“About Alex” Ignores Real Millennial Problems

In 1983, Lawrence Kasdan’s “The Big Chill” hit theaters. The film, which tells the story of a group of college friends reuniting after the sudden suicide of their friend Alex, captured the zeitgeist of its time and explored what it meant to become an adult in Reagan-era America. Jesse Zwick’s “About Alex,” in theaters now, has been hailed as “The Big Chill” for Millennials. But that’s a tall order of which the film falls short.

“About Alex” opens with an attempted suicide. Unlike in “The Big Chill,” Alex (Jason Ritter) survives, and his friends converge on his rural home for a weekend reunion. Old dynamics, flames, and yearnings quickly come to the surface as the friends grapple with what Alex’s brush with death means and attempt to heal old wounds in an emotionally charged situation. There are questions of generational, and even cross-generational, resonance that the film explores. What is friendship in the social l-media age? How much do we owe our friends, and how much can we reasonably demand of them? When time has passed and friends have moved on to the next stage of life, who are we when we’re all together? For many in our mid- to late-20s, we’re asking these questions for the first time.

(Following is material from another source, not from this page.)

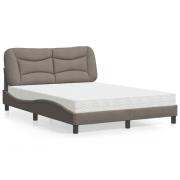 vidaXL Säng med madrass taupe 140x190 cm tyg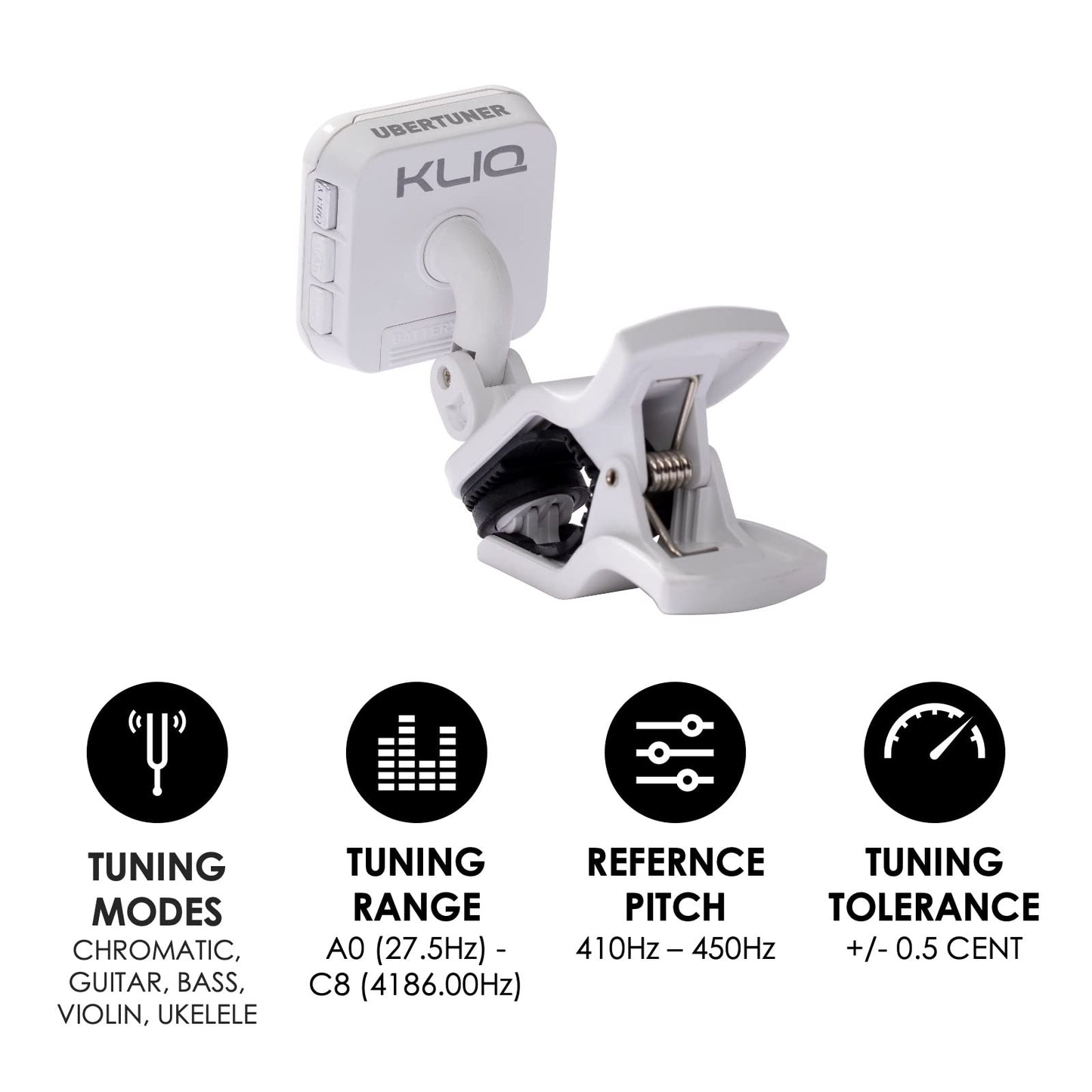 KLIQ UberTuner, sintonizador profesional de clip para guitarra, bajo, ukelele, violín, mandolina, banjo y todos los instrumentos, afinación cromática rápida y precisa con modos multi-tecla, blanco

But “About Alex” doesn’t answer these questions in a way that feels gratifying. The film’s symbolism is too explicit to be profound, like when Alex finally goes into the blood-stained bathroom in which he tried to kill himself and begins to clean up, or the writer who experiences crippling writer’s block until crashing his car into a tree, upon which he begins scribbling pages on a dark country road. The old college friends are all unrealistically successful, despite acknowledging the recession they graduated into. Sarah (Aubrey Plaza) has a long-dead dream of opening a restaurant, but rather than living with her parents and interning, she’s a tax lawyer. Josh (Max Greenfield) is a PhD candidate working on a dissertation, but besides some very bookish glasses and pretentious talking points he seems free of the stresses of academia. Ben (Nate Parker) is struggling to turn out a book while working at a newspaper which apparently pays well enough to make ends meet. Their lives seem much closer to those enjoyed in “The Big Chill,” not today’s still-recovering economy.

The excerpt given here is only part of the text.